Posted in June's Kelowna Real Estate Blog on May 7, 2010

REAL ESTATE REPORTER

The hotel industry suffered one of its worst years in 2009, as investment evaporated and some new hotel owners even opted to pave over properties rather than risk renting out rooms by the night.

Already feeling the effects of the recession in 2008, Canada’s hotel investment industry experienced yet another challenging year in 2009 as transaction volume plummeted 61 per cent, according to Colliers International Hotels annual investment report.

It’s the sharpest decline in activity on record, and 91-per-cent lower than the peak reached in 2007.

The national price-per-room average also saw a decline of 12 per cent nationally.

The numbers are a sobering reminder for the industry that even without the challenges posed by a higher Canadian dollar and the broader effects of the recession, hotel revenues tend to lag behind any economic recovery.

"Certain classes of real estate, such as hotels, generate cash flows that have a greater immediate sensitivity to general economic conditions than other types of real estate," RBC Dominion Securities analyst Neil Downey wrote in a recent report.

The best that owners may hope for this year is an easing of the declines that have hammered the industry, said Colliers executive managing director Alam Pirani.

"From an operating standpoint I’m quite certain it’s never been this bad," he said. "The good news would be that many owners are hanging in there because of conservative capital structures, not a lot of them were over-levered. You can count the number of distressed sales on one hand."

Falling investment is an ominous sign for the industry, because new owners and the capital they can provide are often needed to revitalize properties that have fallen out of style and need updating.

Mr. Pirani said buyers are interested in snapping up properties, but it’s difficult to access the financing needed to get a deal done. Those that do have the money – real estate investment trusts in particular – don’t want to pay full price.

"Particularly difficult was agreeing on the market value of hotel assets, with sellers unwilling to value their properties as distressed income," he said. "Well-capitalized buyers sought bargain pricing, given the apparent instability in the marketplace and lack of available credit."

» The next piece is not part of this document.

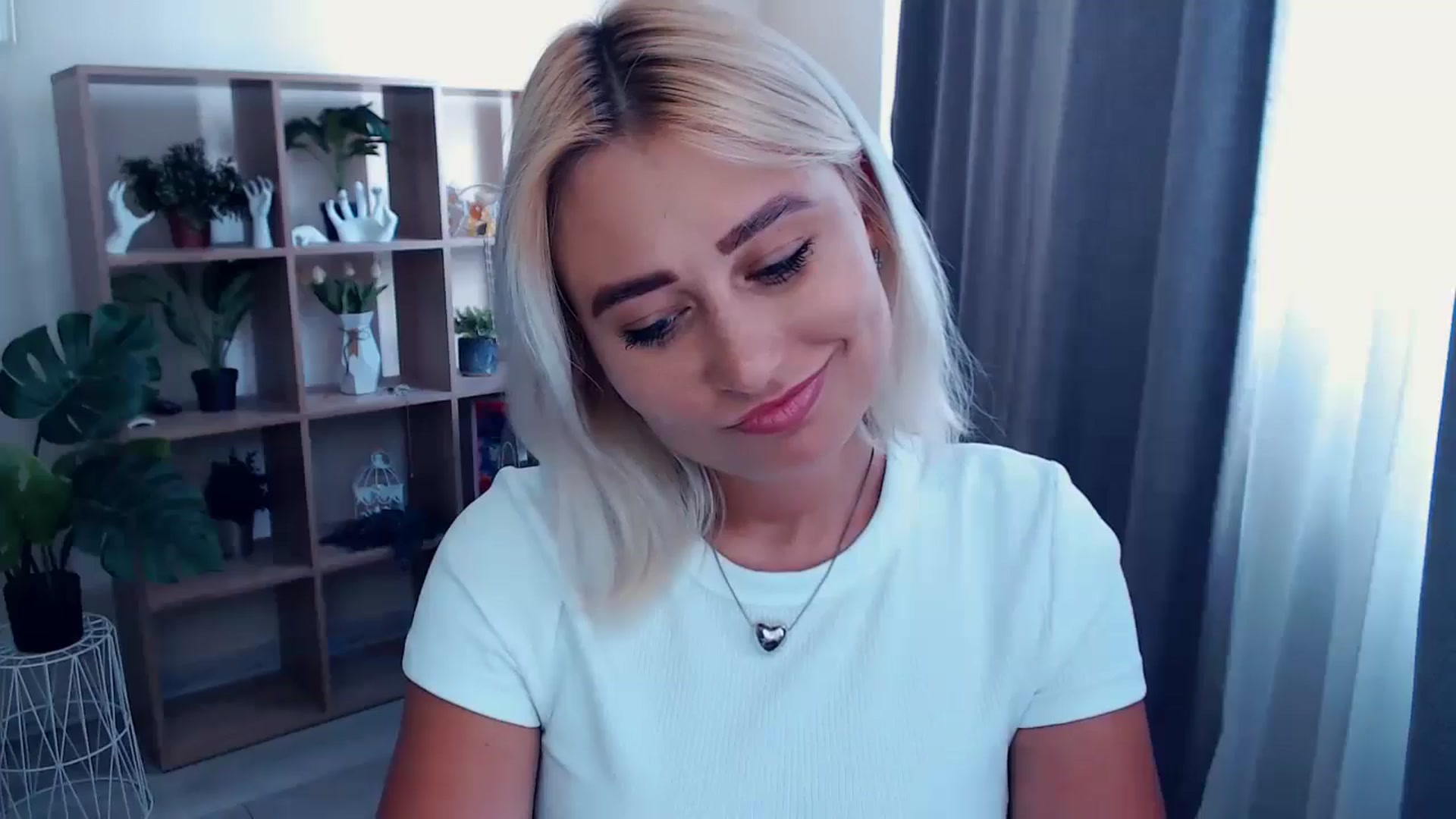 Gallery image thumbnail from Kukla_kolduna's myfreecams stream on, 06/13/2024, 13:46 image 10 of 20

The largest investment was for the Hilton Garden Inn & Ajax Convention Centre in Ajax, Ont., at $24-million.

Peter Freed of Freed Developments in Toronto was responsible for the second-largest transaction of the year, a $21-million deal to buy a Travel Lodge in downtown Toronto. The building was relatively rundown and low-end, but he didn’t care about that. Within two months, it was knocked to the ground to make way for a condominium development.

"It’s a pretty hot neighbourhood so you’re going to pay a price for the property, but we never intended to run it as a hotel," said Mr. Freed, who is only weeks away from opening a high hotel half a block away from the condo site.

It was one of several purchased last year to make way for alternate developments. The City of Calgary paid $10.6-million for the Cecil Hotel, a gritty landmark that will likely be replaced with a parking lot. The Genosha Hotel in Oshawa was bought by a private developer for $2.3-million, and is being converted to apartments and student residences.

(prepared by Steve Ladurantaye/Globe and Mail)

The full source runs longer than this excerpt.